Plus qu’un spec­ta­cle, DU SALE ! sem­ble réalis­er l’impossible : une ren­con­tre entre des milieux soci­aux d’ordinaire bien séparés. C’est d’ailleurs les pre­miers mots de Laeti­tia au pub­lic : « C’est pas nor­mal que je sois là. C’est pas nor­mal parce que je suis Laeti­tia Ker­fa. Parce que j’ai pas fait d’école de théâtre, parce que je viens pas d’un milieu aisé ou d’un milieu d’artistes. »

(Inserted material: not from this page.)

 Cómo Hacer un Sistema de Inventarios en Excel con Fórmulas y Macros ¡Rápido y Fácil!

C’est avec _Jeanne_Dark_ – le craquage en direct sur Ins­ta de Jeanne, ado­les­cente harcelée à l’école – que le tra­vail de Mar­i­on Siéfert se propage. _Jeanne_Dark_ est le pre­mier spec­ta­cle pen­sé simul­tané­ment pour le théâtre et Insta­gram. Sur scène, Hele­na de Lau­rens joue tout en se fil­mant, en live et sou­vent en gros plan, se méta­mor­phose au gré des fil­tres et des cadrages dif­férents, n’a pas peur d’aller loin dans la défor­ma­tion et le grotesque, jusqu’à s’enlaidir. En endos­sant la fig­ure de la freak, elle utilise le réseau social à con­tre-courant, loin de la mise en valeur de soi cap­i­tal­iste. Mar­i­on Siéfert aime aller où ça dérange, elle n’est pas là pour met­tre tout le monde d’accord.

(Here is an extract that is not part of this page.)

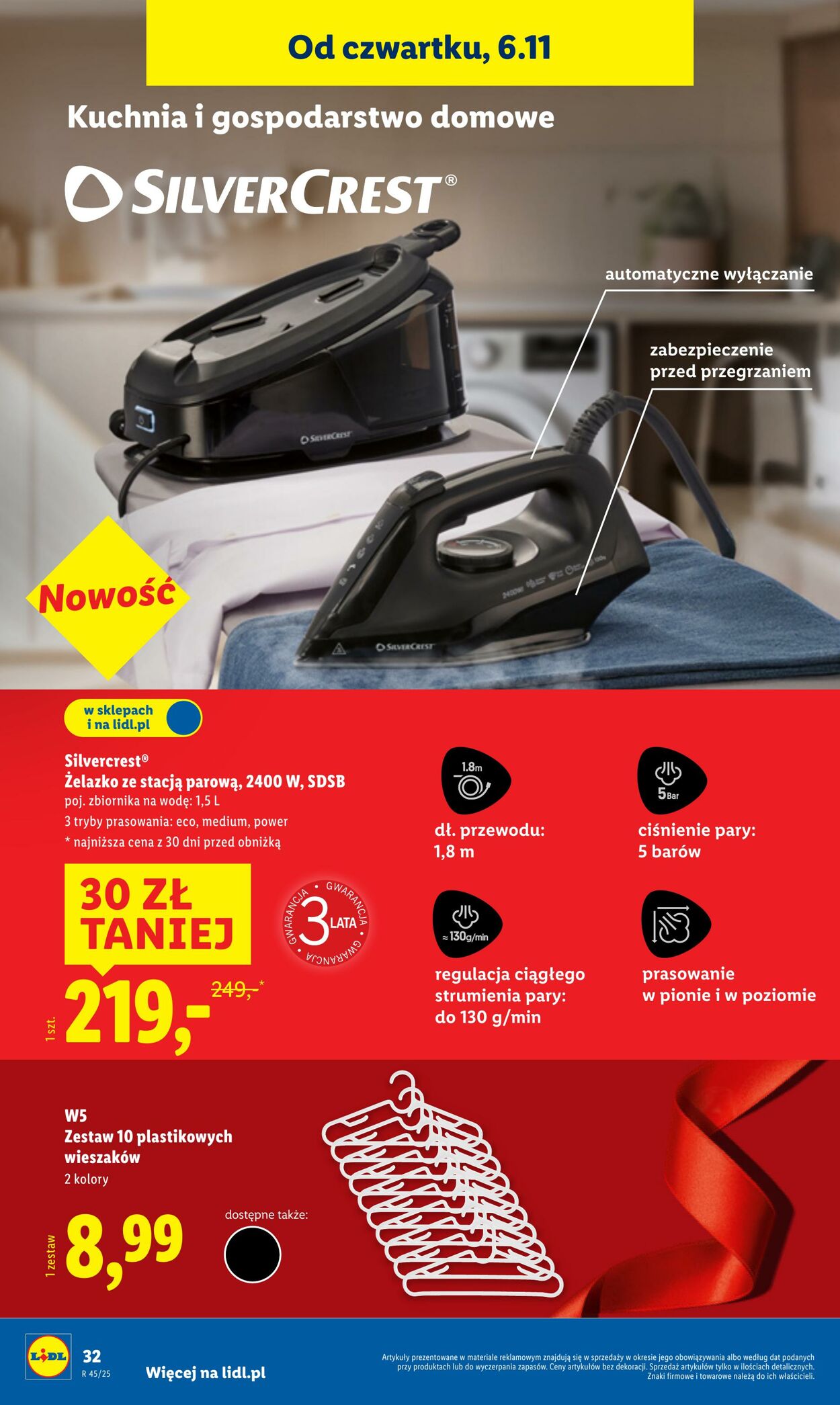 Gazetka Lidl 03.11.2025 - 07.11.2025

Dad­dy, son dernier spec­ta­cle créé à l’Odéon, se déploie égale­ment dans le monde virtuel. Après plusieurs mois d’enquête auprès de per­son­nes ayant subi des vio­lences pédocrim­inelles, elle écrit le texte avec Matthieu Bareyre (son ami et col­lab­o­ra­teur artis­tique, réal­isa­teur du mag­nifique doc­u­men­taire L’Époque). Dans Dad­dy, l’héroïne a 13 ans et vit à Per­pig­nan. Issue de la petite classe moyenne, elle rêve de devenir actrice. En ligne, elle ren­con­tre un homme riche et séduisant, qui a le dou­ble de son âge et qui l’entraîne dans un jeu vidéo aux règles trou­bles : « Dad­dy ». Mar­i­on Siéfert réu­nit une équipe d’acteur.ices extra­or­di­naires, venant tou­stes d’horizons dif­férents (on y retrou­ve par exem­ple l’artiste de cabaret Jenifer Gold) autour d’un spec­ta­cle abor­dant des sujets dif­fi­ciles comme la pédophilie, la pré­da­tion du cap­i­tal­isme sur l’extrême jeunesse et les rap­ports de classe. Avec Dad­dy, Mar­i­on Siéfert nous plonge encore une fois au cœur de nos con­tra­dic­tions, et tant mieux si c’est un peu incon­fort­able…

À voir au Théâtre nation­al à Brux­elles du 7 au 10 févri­er 2024.